MATERIAL SHOWN:
#####
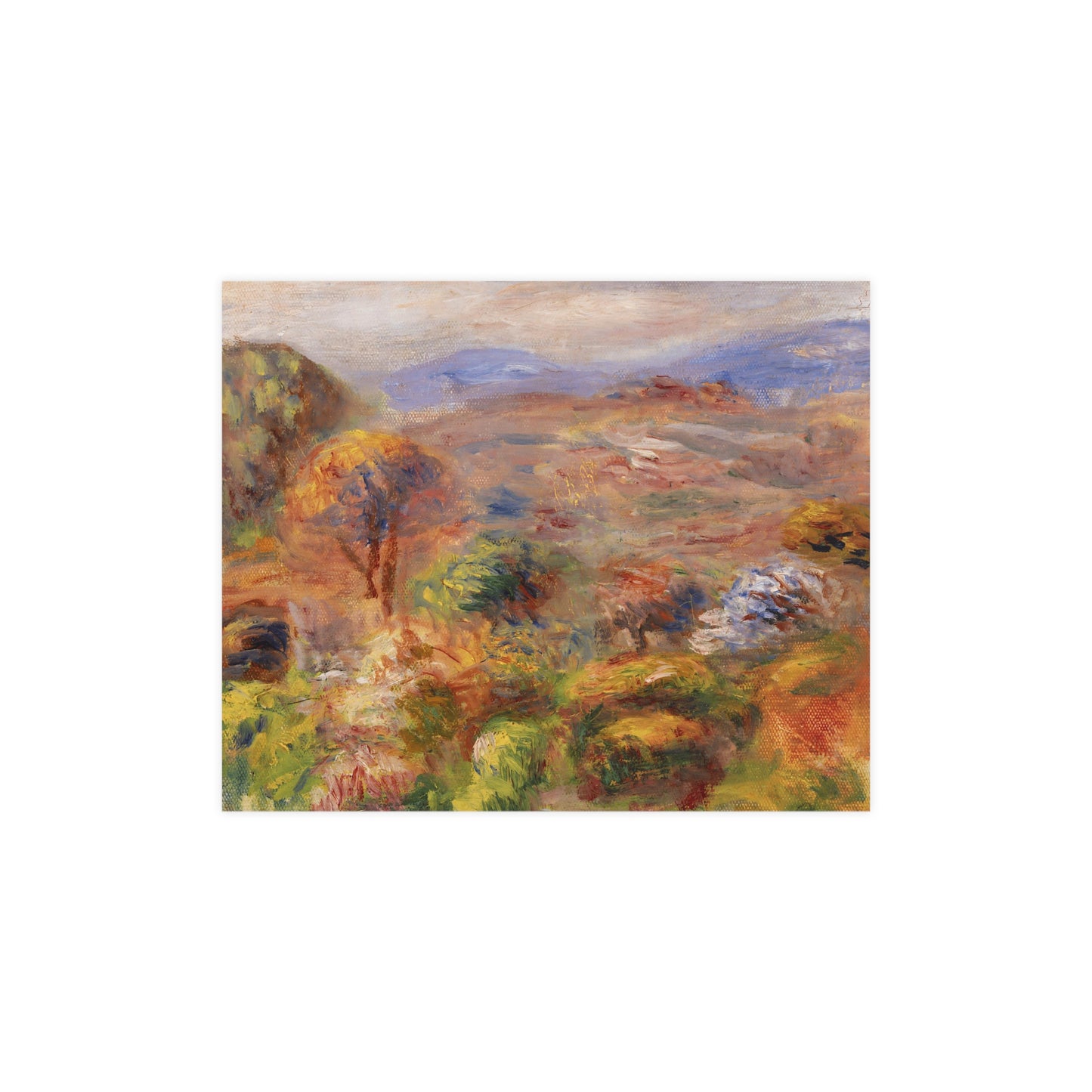 Abstract Autumn Painting
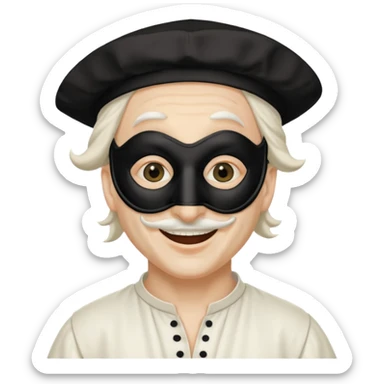 pulcinella sticker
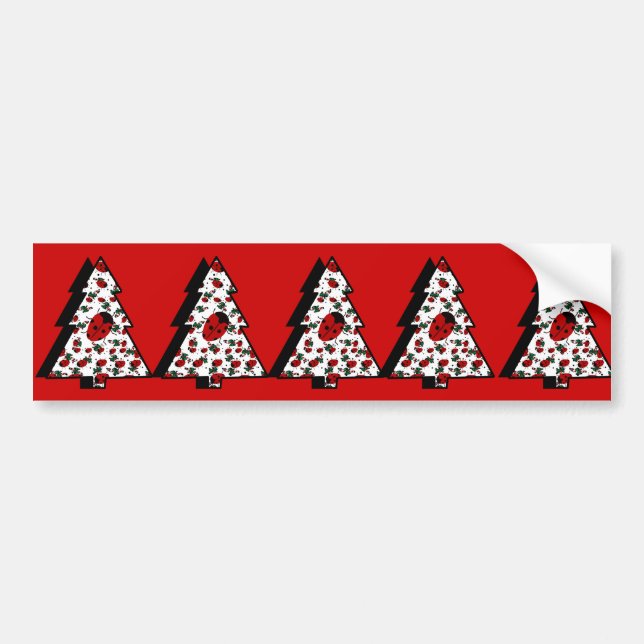 ADESIVO PARA CARRO CHRISTMAS LADYBUGS (Frente)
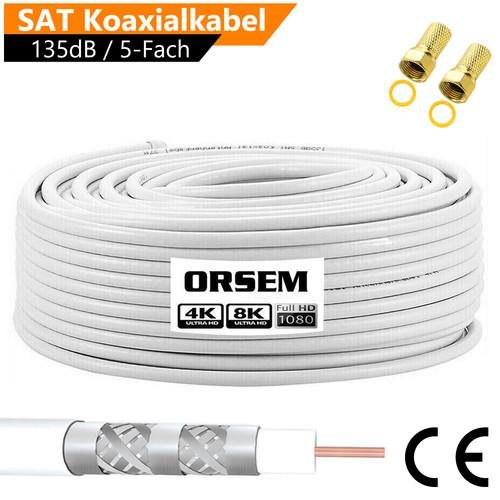 Koaxialkabel 30m 135db - 135db, ultra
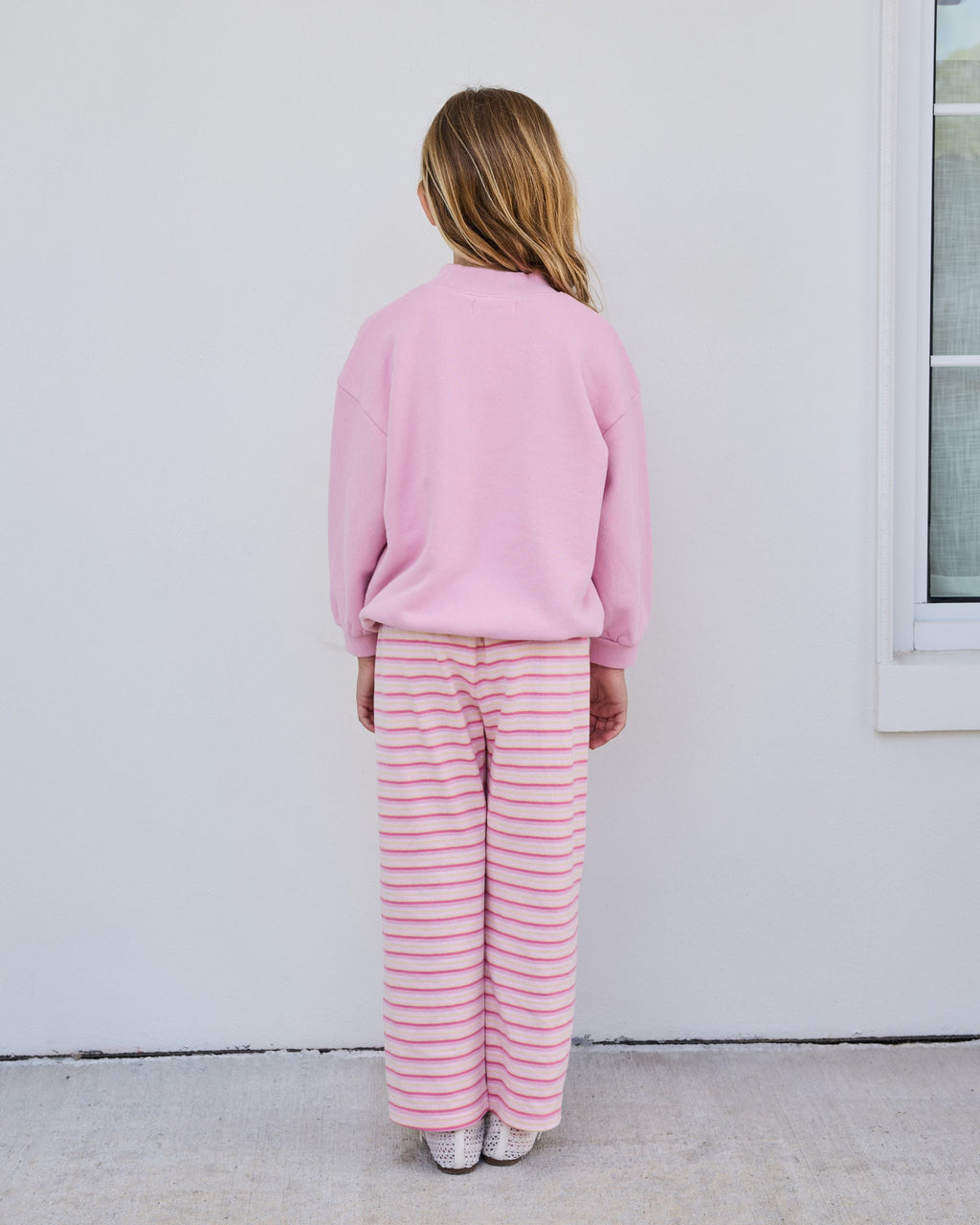 Kids  Varsity Mockneck - Sweetpea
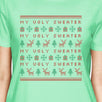 My Ugly Sweater Pattern Womens Mint Shirt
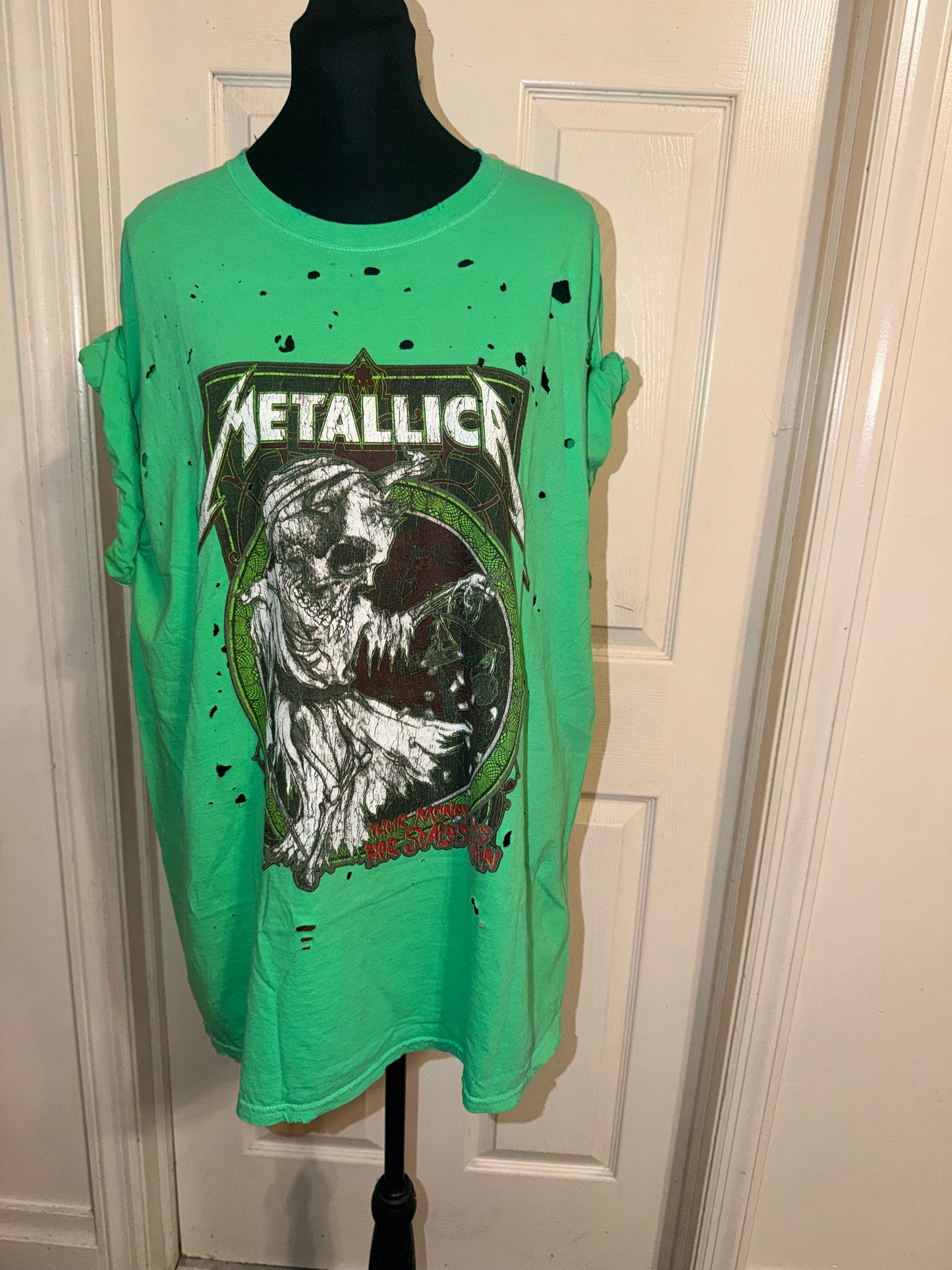 Metallica Oversized Distressed Tee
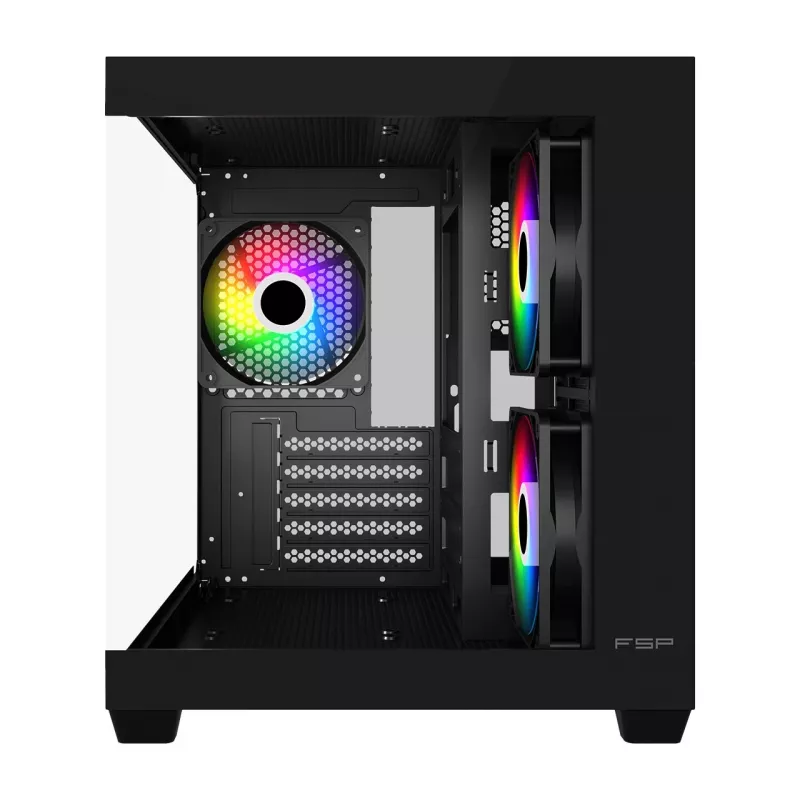 Fortron FSP κουτί υπολογιστή Mini S140 BA micro-ATX / M-ITX, ARGB, μαύρο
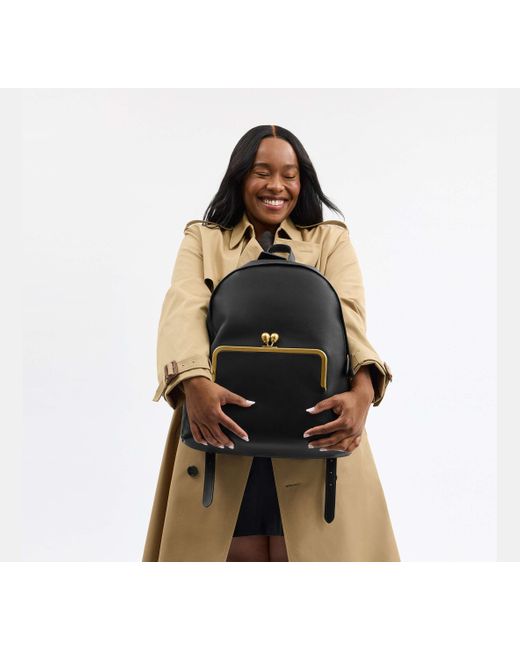 Zaino Con Telaio Clic Clac di COACH in Black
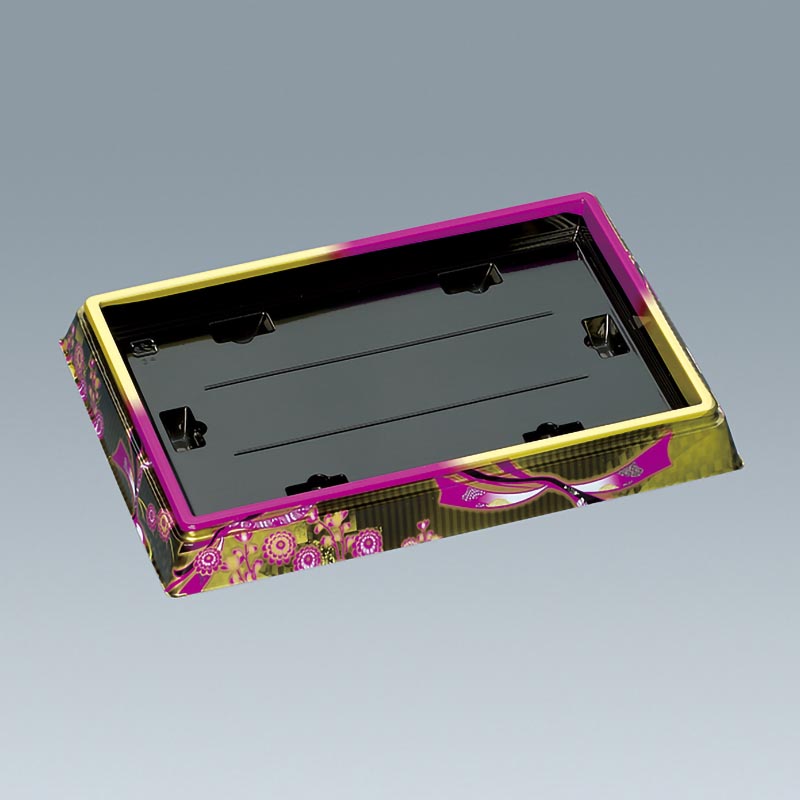 寿司桶 新角桶180H(S)蒔絵紫 福助工業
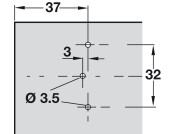 Nexis 0mm Mounting Plate 2prt Click SupCruci Hos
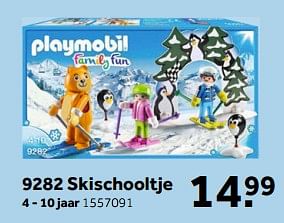 Aanbiedingen Skischooltje - Playmobil - Geldig van 13/11/2017 tot 26/11/2017 bij Intertoys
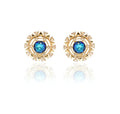 SETTING SUN: Round, mystical and grand Swarovski ear studs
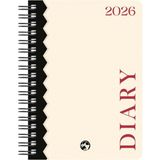 Bold Bej A5 Spiralli 2026 12 Aylık Haftalık Ajanda - Standart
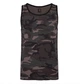 Камуфлляжная армейская летняя майка Brandit Dark Camo, футболка без рукавов Brandit M - изображение 1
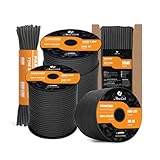 Abma Cord Paracord 550 4mm 15M 100% Nylon Seil Typ III Schnur mit 7 Kern für Basteln, Camping,...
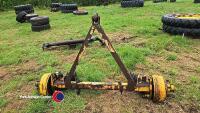 Six stud tailer axle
#####
EXERCISE REQUIREMENTS:
No pictures should appear in the copy, which holds exactly the lines from the first line of the data through the line with "Fortron FSP κουτί" and nothing else.

OUTPUT FOR THIS TASK:
 Abstract Autumn Painting
 pulcinella sticker
 ADESIVO PARA CARRO CHRISTMAS LADYBUGS (Frente)
 Koaxialkabel 30m 135db - 135db, ultra
 Kids  Varsity Mockneck - Sweetpea
 My Ugly Sweater Pattern Womens Mint Shirt
 Metallica Oversized Distressed Tee
 Fortron FSP κουτί υπολογιστή Mini S140 BA micro-ATX / M-ITX, ARGB, μαύρο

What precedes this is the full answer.